Blood of Elves (Andrzej Sapkowski)

Blood of Elves is the first novel in the Witcher series by Andrzej Sapkowski. I read the English translation by Danusia Stok.
Finished on: 28.2.2022
[Here are my reviews of the short story collections preceding this book.]

Plot:
After Cintra was conquered by Nilfgaard, Princess Ciri only barely made it out of the city and was finally found by Geralt of Rivia who took her to Kaer Morhen, the Witcher’s castle. There, she starts the witcher trainig herself. But this training isn’t enough – there are magical powers in her that need more attention. Attention by a sorceress. At first, Geralt and the other witchers ask Triss Merigold for help with that. But even Triss is a little overwhelmed with Ciri’s education. There is only one person who can help, though her history with Geralt doesn’t make things easier: Yennefer.

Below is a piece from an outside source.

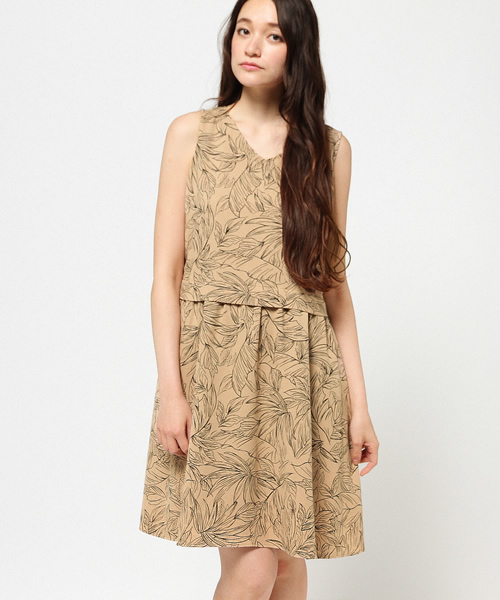 NATURAL BEAUTY BASIC（ナチュラルビューティーベーシック）の「リーフプリントワンピース（ワンピース・レディース・ブラウン/ベージュ・SMALL/MEDIUM）」の2枚目の写真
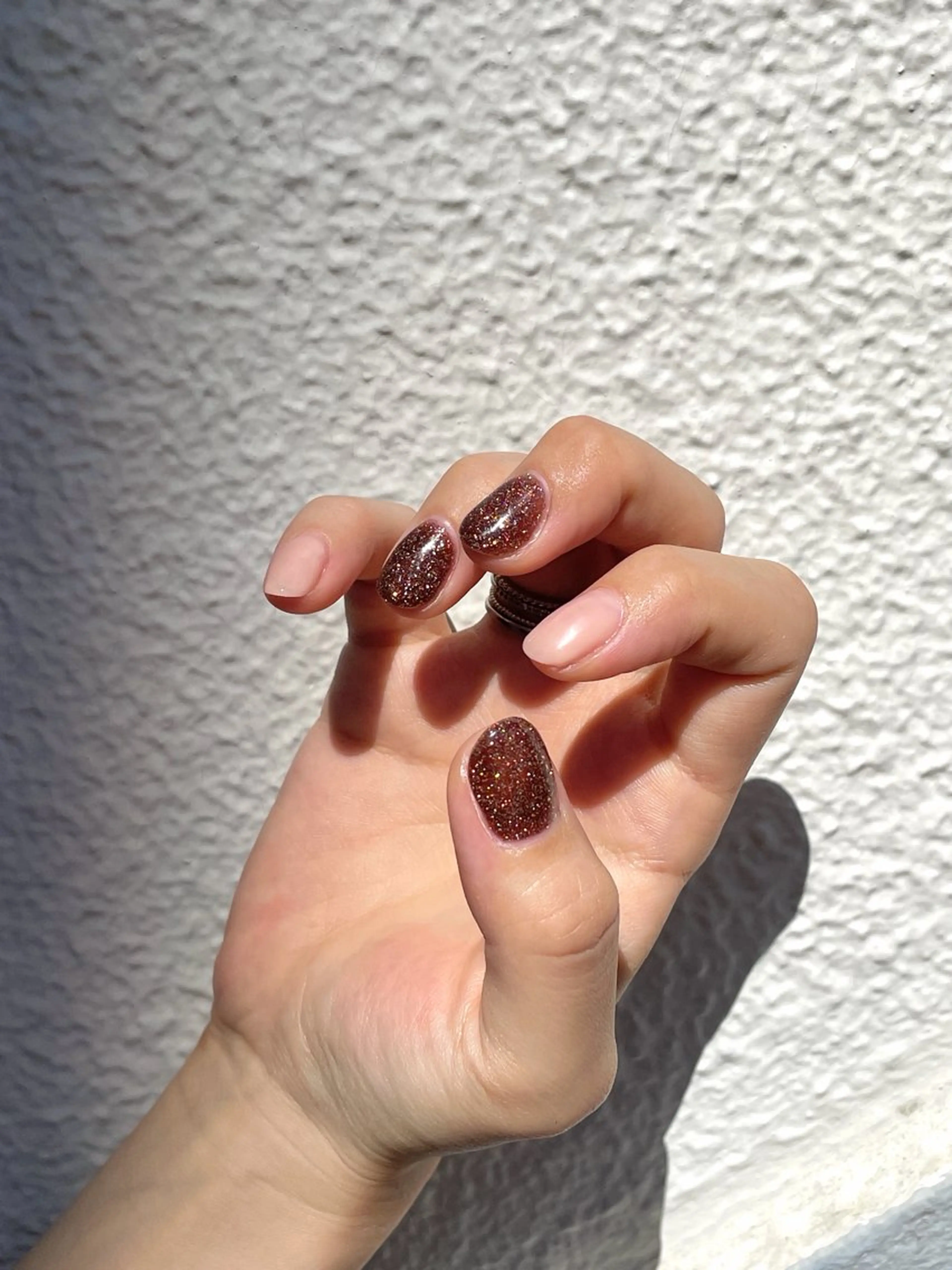 ネイル ブラウン ジェルネイル ラメ(グリッター) ニュアンスネイル ワンカラーネイル ハンドネイル sususu駒澤大学 Azusaのネイルデザイン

So, Geralt, Ciri and Triss make their way across countries that are teetering on the edge of war towards a safe place for Ciri and Yennefer. Their trek is made more dangerous because more than one person is looking for Geralt and Ciri as Ciri is the key to ruling Cintra.

After a rather mixed reaction from myself regarding the first two short story collection, I finally delved into the series proper and I rather enjoyed reading it, though there were still some elements of it that didn’t jive with me.

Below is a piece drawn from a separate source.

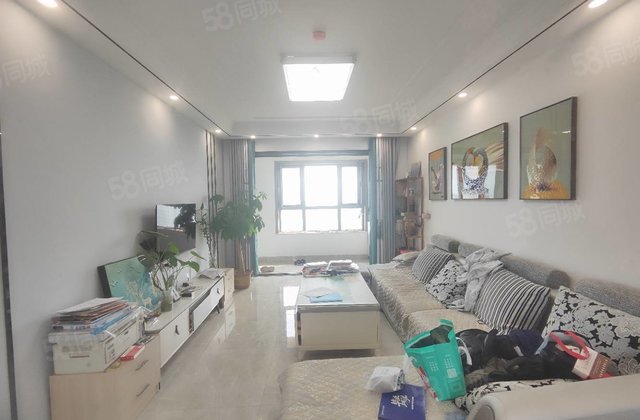 新小区莲湖新城三叶草 三室双卫 带车位 急卖随时看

The book cover showing a red liquid. In the middle there is a silver circle with the silhouette of a wolf and within the silhouette, there is a ship.

I was very happy that I read the two short story collections that came before the series, especially Sword of Destiny (despite the fact that I liked The Last Wish a lot better) – so much of Blood of Elves makes more sense with the background established there. I don’t know how confusing it would have been to read this without that knowledge, but I imagine it would have been confusing.

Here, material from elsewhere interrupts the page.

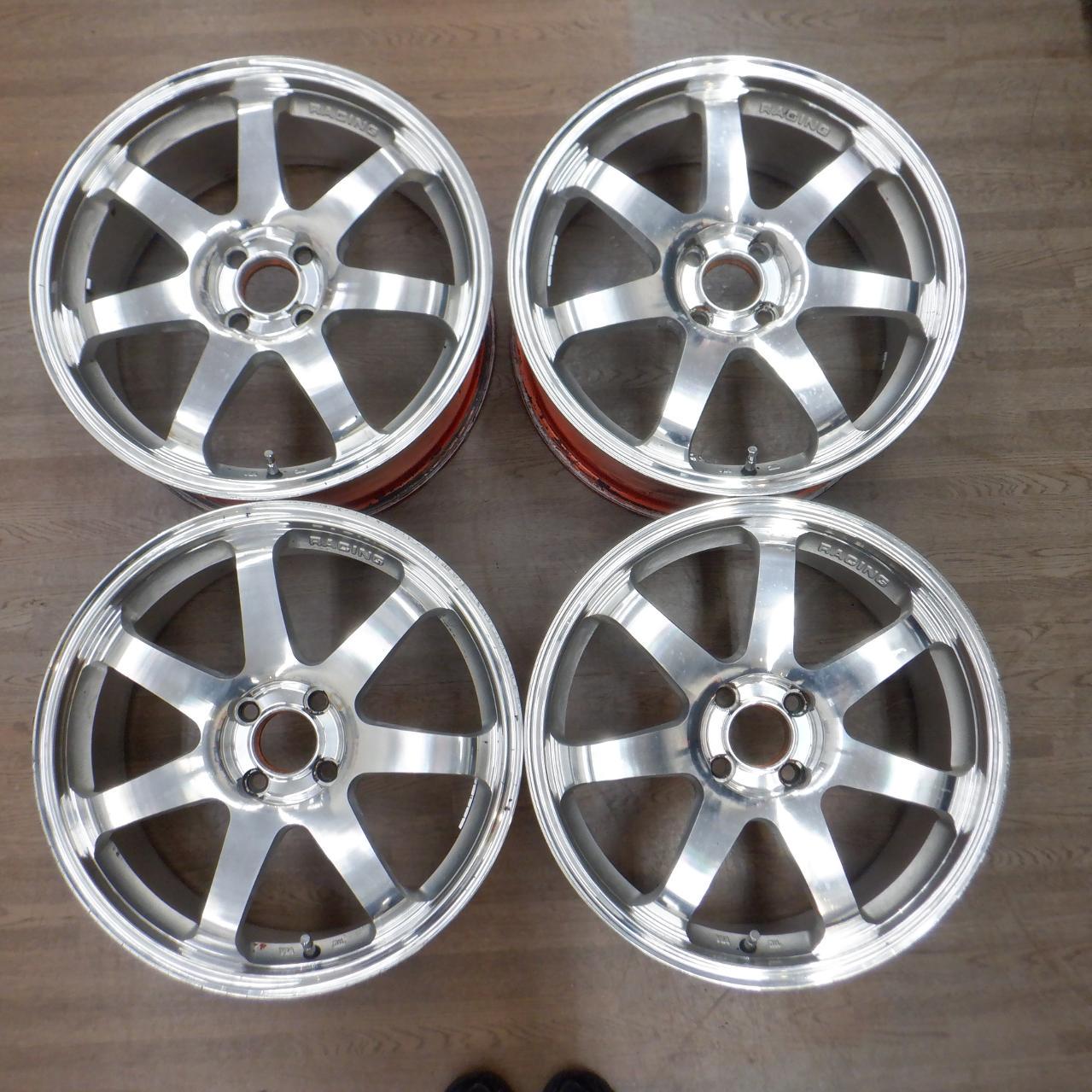 Unknown Manufacturer
7-spoke wheels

Unfortunately, Blood of Elves does not return to the heights of The Last Wish for me. The dudebro elements are also very present here. There is a particularly harrowing scene where it is made sure we know that the woman Geralt just slept with is not really a woman at all, but a girl of 17 years (description of her breasts, and ogling by Dandilion included). Generally, the male gaze is strong in this one. There is also a lot of “women have to teach women because men can’t possibly know about stuff like menstruation”, which is just heteronormative and cissexist.

But I did enjoy reading the book overall. What I liked were the (racial) politics and Geralt’s perspective on it. Not saying it’s flawless, but it is interesting and thoughtful and has a very human core. And I do like Ciri a lot (I was hoping to see more of her and Geralt together). I also liked that, through her, we get to see another, more human side of Yennefer (although it still doesn’t come without the male gaze). Triss, too, I liked, though she was a little shortchanged by the story and the fact that all women have to have the hots for Geralt. (On the one hand, I understand. On the other, sigh.)

The book is busy with setting up the rest of the story and not particularly heavy on the action. But there are a couple of rather clever scenes that unfold entirely through dialogue and make the time pass very quickly (while also giving a lot of information). Those stood out to me the most from the novel.

In short, I’m not completely in love with it. Things are definitely good enough to keep me curious though.

Summarizing: I am looking forward to continuing the rest of the series, despite some issues.